AE 868
Commercial Solar Electric Systems

Mechanical BOS Components


After reviewing different types of PV mounting structures, it is time to discuss the components that form these mounting structures. In this section, we will focus on the mechanical BOS components that help assemble the PV system components. These mechanical BOS components include fasteners, brackets, enclosures, racks, and other components that support the structure of the PV system.

Starting at the PV Array

PV modules need to be securely fastened to the racking structure, and that is done through rails, splices and clamps.


PV modules cannot be directly fastened to the roof of the building, for example. They require a structure that holds modules together that is later fastened to the roof or the ground. This structure is made of what is referred to as rails, which are rated to withstand heavy weights. Rails come in different shapes, profiles, lengths, and materials. Since rails manufacturers don’t make every desired possible length, the rails are tailored to fit each specific PV system.


When the PV system requires longer spans than the default length of the rails, splices are used to extend and connect rails to each other. Splices are usually provided by the same rail manufacturers.

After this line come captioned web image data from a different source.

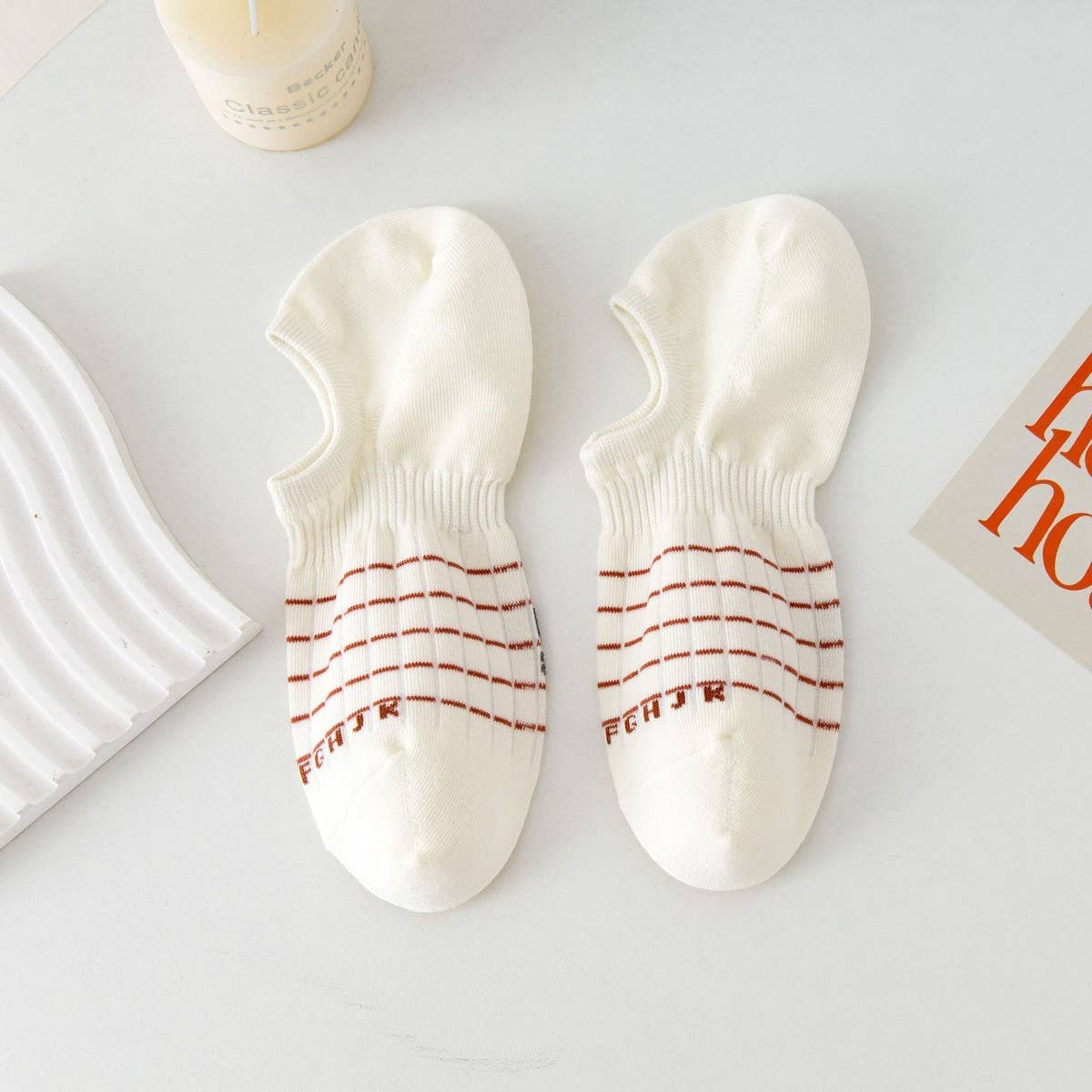 WHITE STRIPED WAIST WICKING HIDDEN SOCKS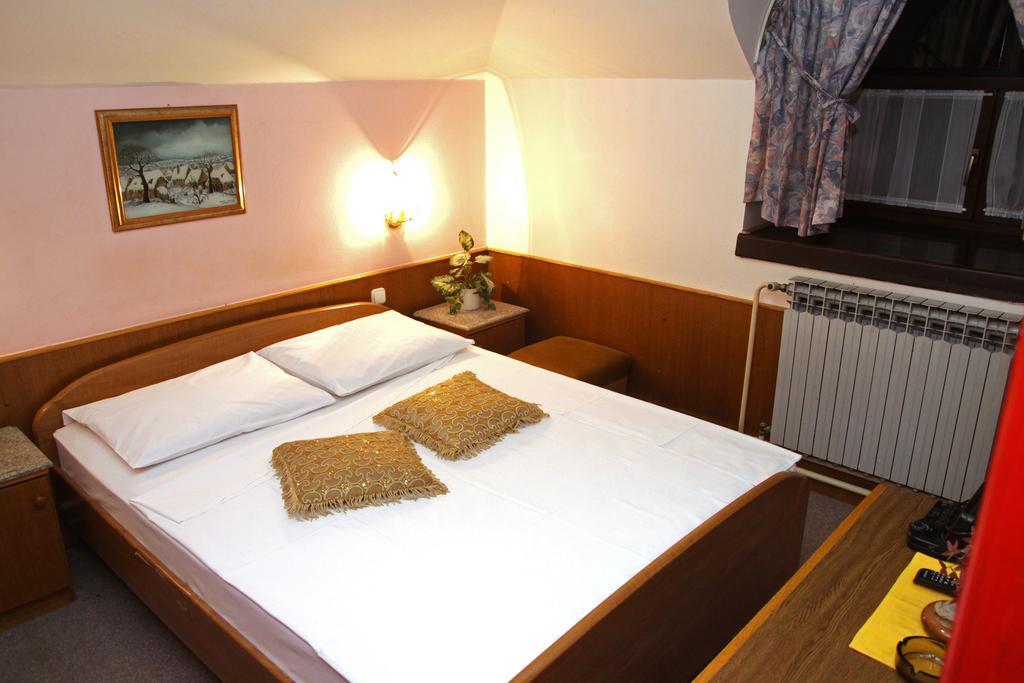 Guest House Royal Čakovec Buitenkant foto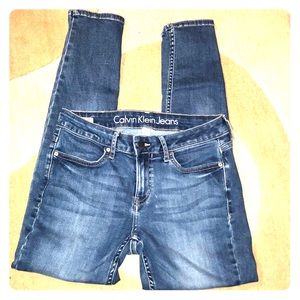 Calvin Klein Jeans size 4 super stretch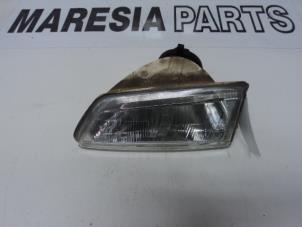 Używane Reflektor lewy Peugeot 106 I 1.1 i XN,XR,XT Cena € 35,00 Procedura marży oferowane przez Maresia Parts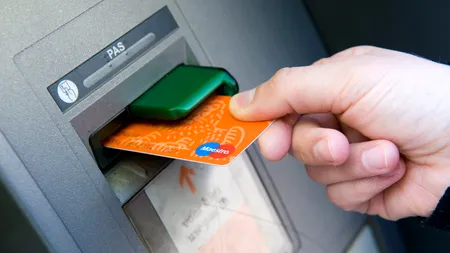 Modificare majoră pentru cei care țin banii pe card. Ce presupune noua lege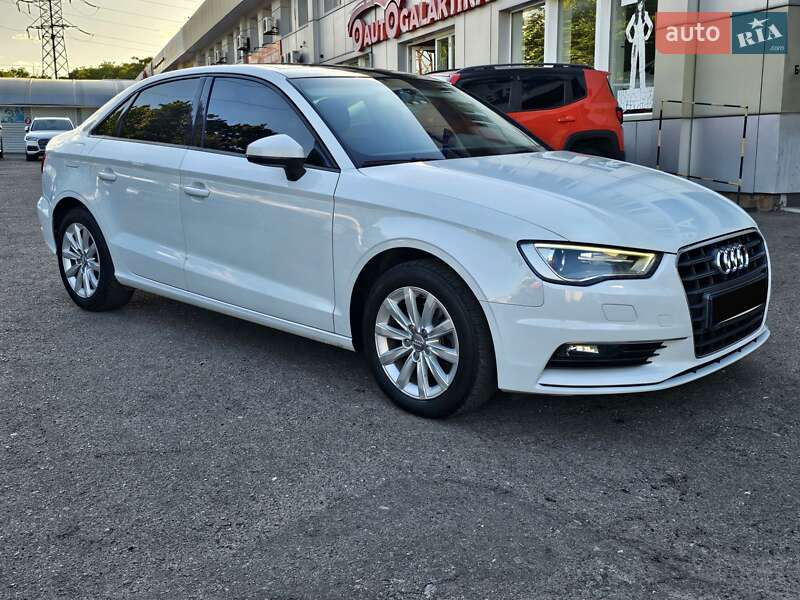 Седан Audi A3 2015 в Одессе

In order for the PV modules to be fastened to the rails, clamps are usually used to secure the connection between the rails and the modules. PV modules are usually installed adjacent to one another. As a result, some modules will be located in the middle and other modules will be installed on the edges. In this case, the middle modules will require what is referred to as mid-clamps to fasten the modules to each other and to the rails and end-clamps at the edge modules to lock the ends of the array.

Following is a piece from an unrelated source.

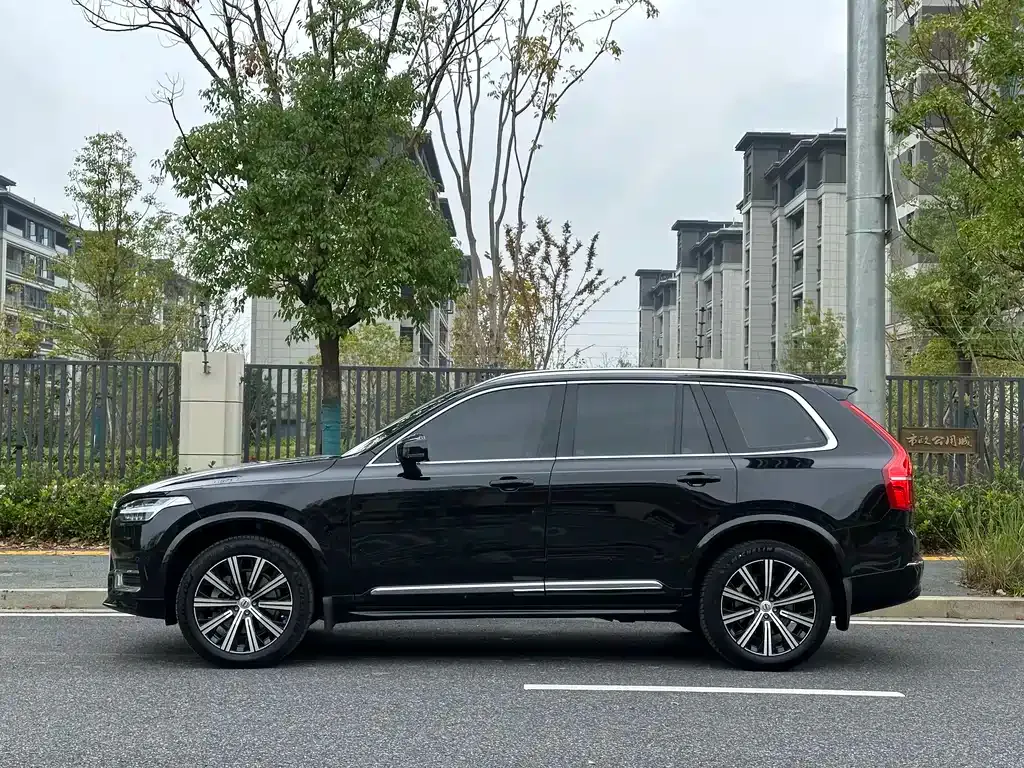 Volvo XC90 — фото 3
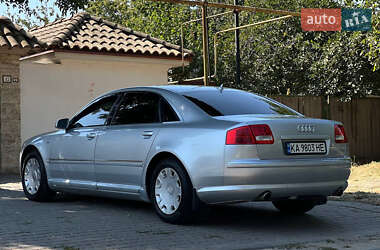 Седан Audi A8 2006 в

Moving Away From the Rails

The rails need to be fastened to the mounting structure. This usually depends on the mounting type that can be roof mount, ground mount, or pole mount structures.

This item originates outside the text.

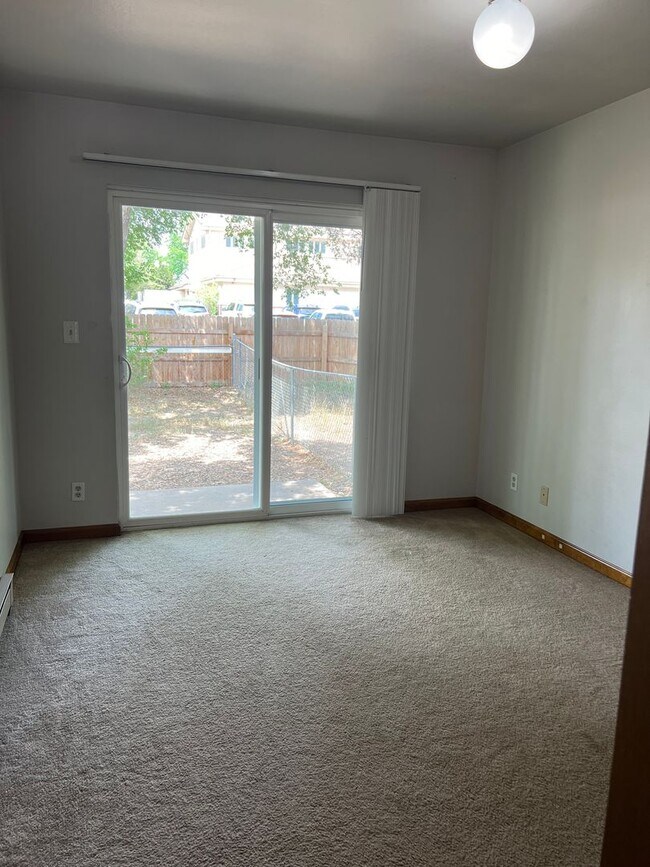 Building Photo - 1708 Erin Ct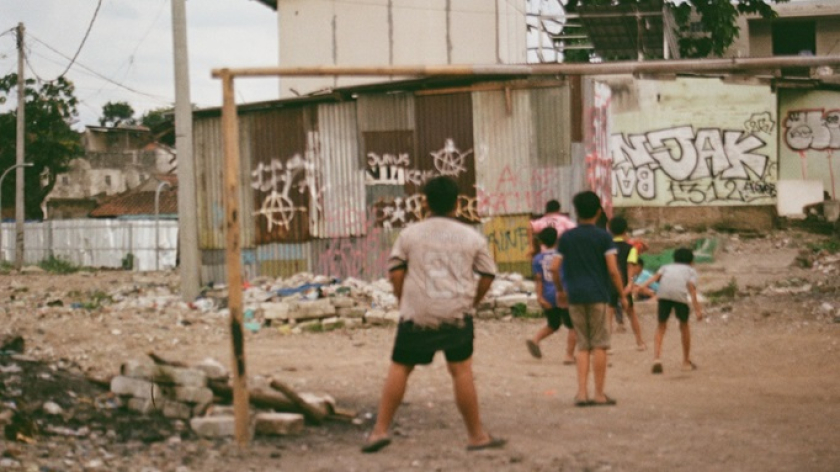Di tengah konflik yang belum selesai, anak-anak tetap menemukan caranya sendiri untuk bermain dan bertahan. (Foto: Firall Ar Dunda)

Roof mount (rooftop with penetration)

In case the PV system is installed on rooftops, designers should consider elevating the rails a couple of inches against the roof to allow for ventilation and lower temperature operating ranges. For that reason, there are multiple solutions in the solar industry to achieve that clearance. The rails can be fastened to the roof using one of the following options:


L-foot utilizes screws that are fastened to the rafters or trusses from one side, and the other side will be attached to the rails. L-foot can be directly used to allow some roof ventilation; however, when the L-foot is not long enough to satisfy the ventilation requirements, Stand-offs are usually used to elevate the rails above the roof to allow proper ventilation to meet the design criteria. Stand-offs come in different lengths, and designers choose the best length based on the application and ambient temperature.

Tile Hooks

Roofs come in different shapes and materials. In the case of ceramic tile roofs, roof tile hooks can be directly used as roof attachment equipment that allows the rails to be fastened to the roof by going underneath the tiles. Tile hooks provide roof ventilation, as they are designed to be elevated from the tiles.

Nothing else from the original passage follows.